- _WHAT YOU SHOULD DO_
Please reproduce the lines of the records below from the one holding "後退時には車両後方の映像と目" through the one holding "классический французский омлет", inclusive, skipping all pictures.

(Items from a data source)
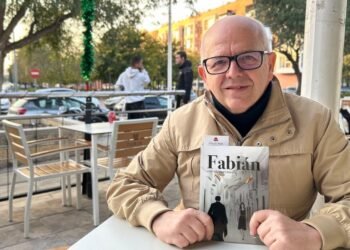 José Redondo debuta con «Fabián» una novela en tiempos de violencia y represión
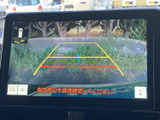 後退時には車両後方の映像と目安線を画面に表示し、駐車位置や周囲を確認する際に便利です。目視での安全確認とあわせて、車庫入れをサポートします。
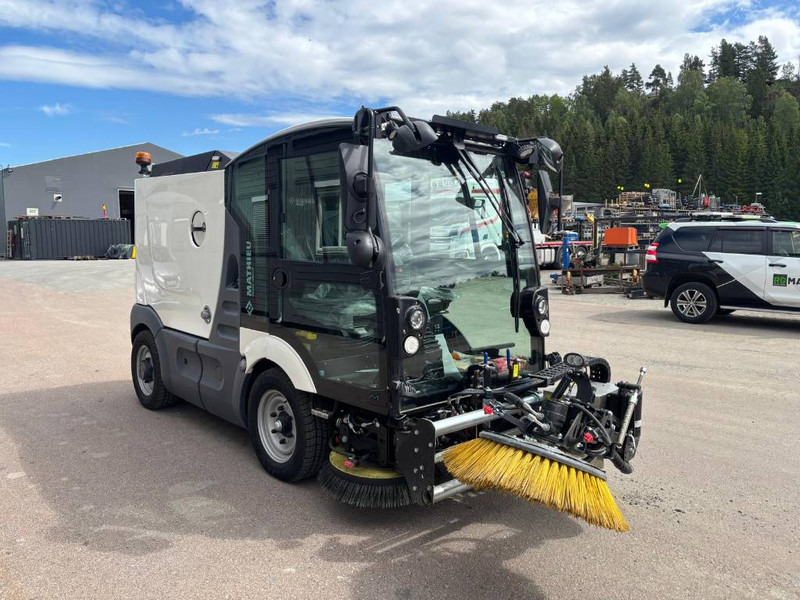 Mathieu MC-210 Azura Flex Street Sweeper - Σάρωθρο δρόμων: φωτογραφία 2 Mathieu MC-210 Azura Flex Street Sweeper - Σάρωθρο δρόμων: φωτογραφία 2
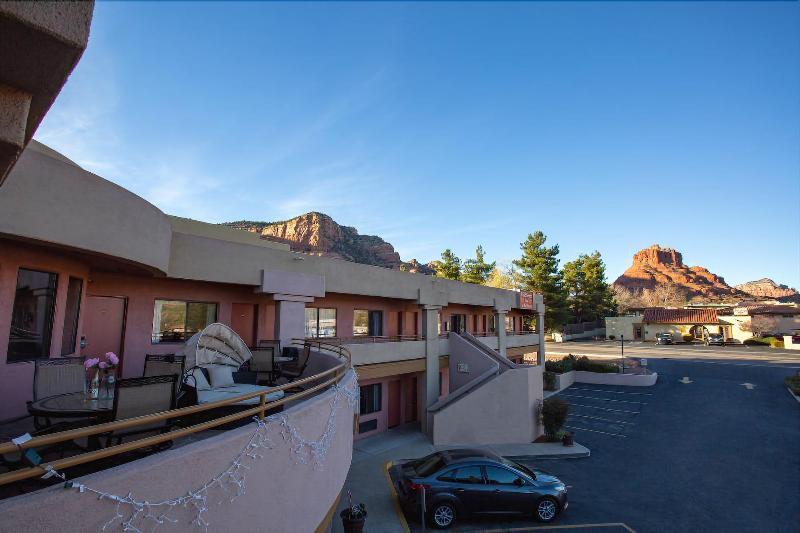 wildflower inn at bell rock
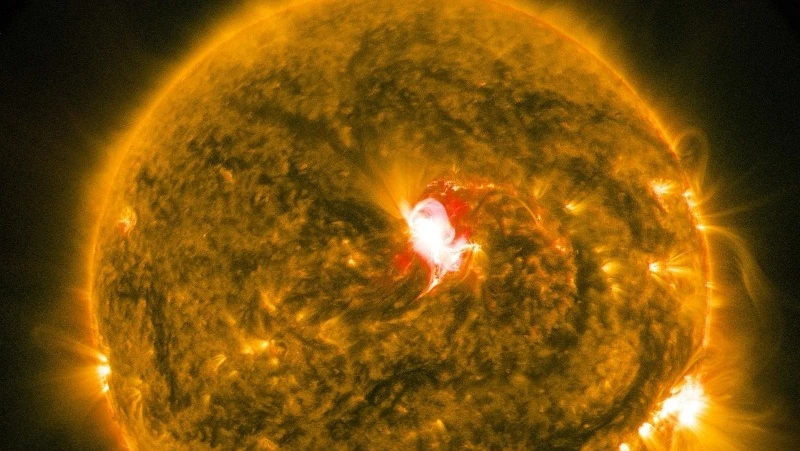 Сильные магнитные бури обрушатся на Землю в августе 2024 года: как подготовиться 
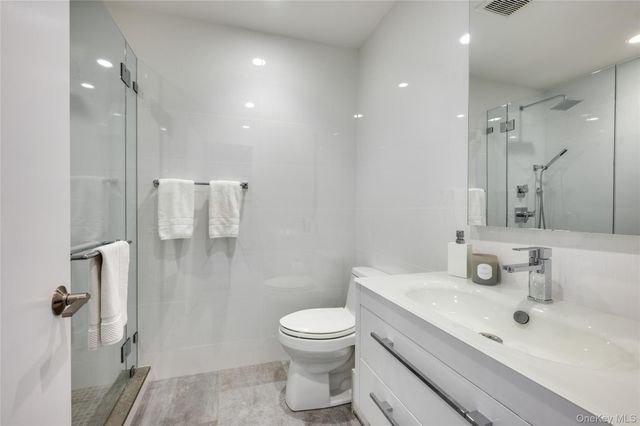 6 Bridle Path, Westhampton Beach, NY 11978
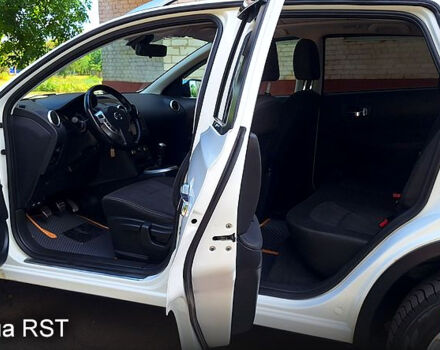 Белый Ниссан Кашкай, объемом двигателя 1.5 л и пробегом 225 тыс. км за 11500 $, фото 8 на Automoto.ua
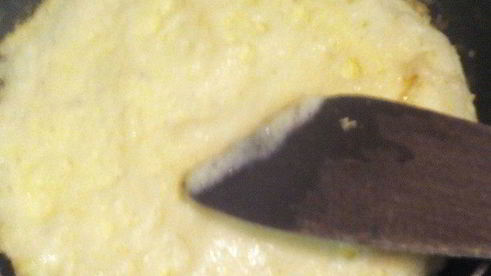 классический французский омлет с ветчиной и сыром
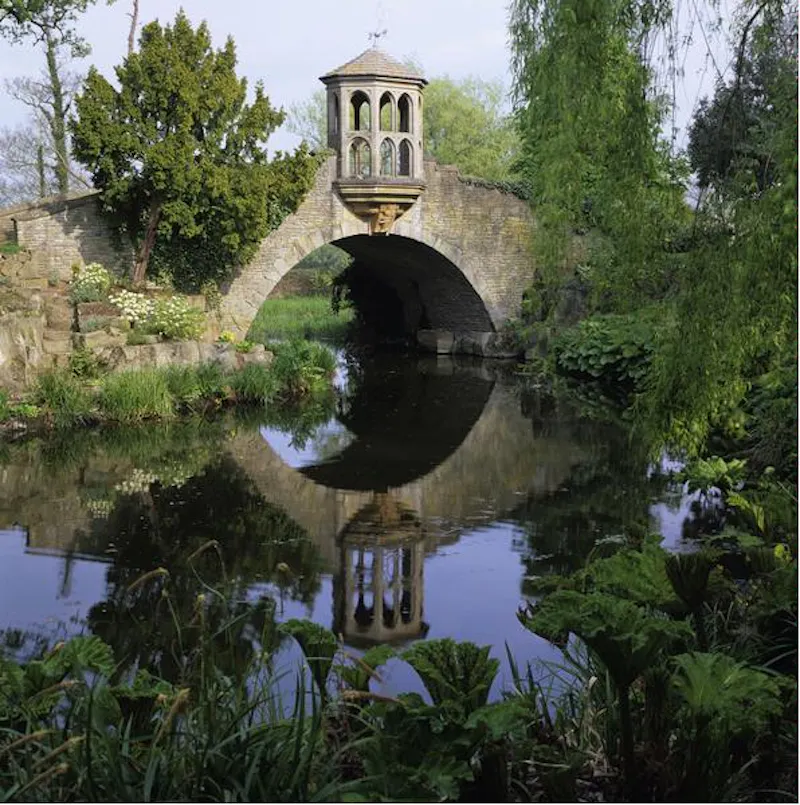 Lake at Scenic 16th century park in Woking, A523 (photo 13)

- _RESULT_
 後退時には車両後方の映像と目安線を画面に表示し、駐車位置や周囲を確認する際に便利です。目視での安全確認とあわせて、車庫入れをサポートします。
 Mathieu MC-210 Azura Flex Street Sweeper - Σάρωθρο δρόμων: φωτογραφία 2 Mathieu MC-210 Azura Flex Street Sweeper - Σάρωθρο δρόμων: φωτογραφία 2
 wildflower inn at bell rock
 Сильные магнитные бури обрушатся на Землю в августе 2024 года: как подготовиться 
 6 Bridle Path, Westhampton Beach, NY 11978
 Белый Ниссан Кашкай, объемом двигателя 1.5 л и пробегом 225 тыс. км за 11500 $, фото 8 на Automoto.ua
 классический французский омлет с ветчиной и сыром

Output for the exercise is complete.